Congressman Jerry Moran
Representing the First District of Kansas
United States House of Representatives

FOR IMMEDIATE RELEASE - October 30, 2003


Joins Kansas Geologist to Testify on Importance of Water Conservation Studies

WASHINGTON, D.C.--Congressman Jerry Moran today joined Dr. M. Lee Allison, the Kansas State Geologist and Director of the Kansas Geological Survey, to testify on the importance of providing research funding for the Ogallala Aquifer. In his testimony before the U.S. House Resources Subcommittee on Power and Water, Moran discussed the importance of comprehensive research on the entire aquifer to determine its depth and its future.

"Because our communities and American agriculture depend on the Ogallala Aquifer, we need to invest in its future," Moran said. "A coordinated research effort involving all eight states will be a useful first step in assessing the overall condition of the aquifer and ensuring its existence for future generations. The Ogallala is an essential component in ensuring that we have ample amounts of water in the future."

The Ogallala Aquifer provides 99 percent of the water supply for communities, businesses, homes and agriculture production in the high plains region of the U.S. This includes eight states - Kansas, Nebraska, South Dakota, Wyoming, Colorado, Oklahoma, New Mexico and Texas. The aquifer lies beneath 174,000 square miles of land, an area more than five times greater than the world's largest freshwater lake and over 150 percent larger than the surface area of all five Great Lakes combined.

The legislation discussed today is similar to legislation Moran introduced last year, which had widespread support. Moran was also successful in including conservation provisions for the Ogallala in the 2002 Farm Bill. However, no funding was set aside for multi-state research into the future of the aquifer. That is the focus of today's legislation.

Efforts have been undertaken by the State of Kansas to manage the Ogallala Aquifer, but a need remains to gather data about the aquifer to ensure its viability in the future. Since the aquifer crosses the borders of eight states, it is critical to have comprehensive, multi-state information to develop a full understanding of its overall condition.
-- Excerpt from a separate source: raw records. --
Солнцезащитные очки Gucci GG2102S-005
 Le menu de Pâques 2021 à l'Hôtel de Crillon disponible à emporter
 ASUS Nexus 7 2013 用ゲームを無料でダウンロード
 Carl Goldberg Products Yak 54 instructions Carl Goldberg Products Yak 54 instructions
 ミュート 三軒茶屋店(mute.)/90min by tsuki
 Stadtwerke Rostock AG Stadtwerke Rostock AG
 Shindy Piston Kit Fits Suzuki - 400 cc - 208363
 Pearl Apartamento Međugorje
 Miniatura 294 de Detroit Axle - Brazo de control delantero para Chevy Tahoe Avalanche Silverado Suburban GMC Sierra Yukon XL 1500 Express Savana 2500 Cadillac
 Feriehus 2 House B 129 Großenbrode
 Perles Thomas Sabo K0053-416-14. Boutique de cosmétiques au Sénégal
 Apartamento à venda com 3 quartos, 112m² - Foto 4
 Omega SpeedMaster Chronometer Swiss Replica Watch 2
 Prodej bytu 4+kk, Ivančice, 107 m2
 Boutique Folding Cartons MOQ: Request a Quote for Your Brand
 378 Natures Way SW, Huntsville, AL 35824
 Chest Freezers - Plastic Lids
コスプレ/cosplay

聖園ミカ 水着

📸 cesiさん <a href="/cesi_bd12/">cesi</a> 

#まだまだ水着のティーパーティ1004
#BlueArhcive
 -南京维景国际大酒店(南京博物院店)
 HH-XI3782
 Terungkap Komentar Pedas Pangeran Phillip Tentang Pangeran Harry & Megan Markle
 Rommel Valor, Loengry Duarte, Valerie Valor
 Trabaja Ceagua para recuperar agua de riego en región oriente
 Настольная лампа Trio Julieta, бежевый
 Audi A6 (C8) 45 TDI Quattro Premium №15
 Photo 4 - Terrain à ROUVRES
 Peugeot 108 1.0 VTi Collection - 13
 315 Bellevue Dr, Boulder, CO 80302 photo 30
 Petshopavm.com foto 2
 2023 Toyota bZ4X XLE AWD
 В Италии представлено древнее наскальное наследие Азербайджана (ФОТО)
In his testimony, Dr. Allison focused on the importance of funding research to learn how to extend the life of the aquifer.

"We in the states who are struggling to extend and preserve the life of the High Plains Aquifer know that ignorance is dangerous," Dr. Allison said in his testimony. "Good information is needed by farmers, bankers, cities and towns, businesses, water districts, and state legislators, among others, to make rational and realistic decisions about the future of the aquifer."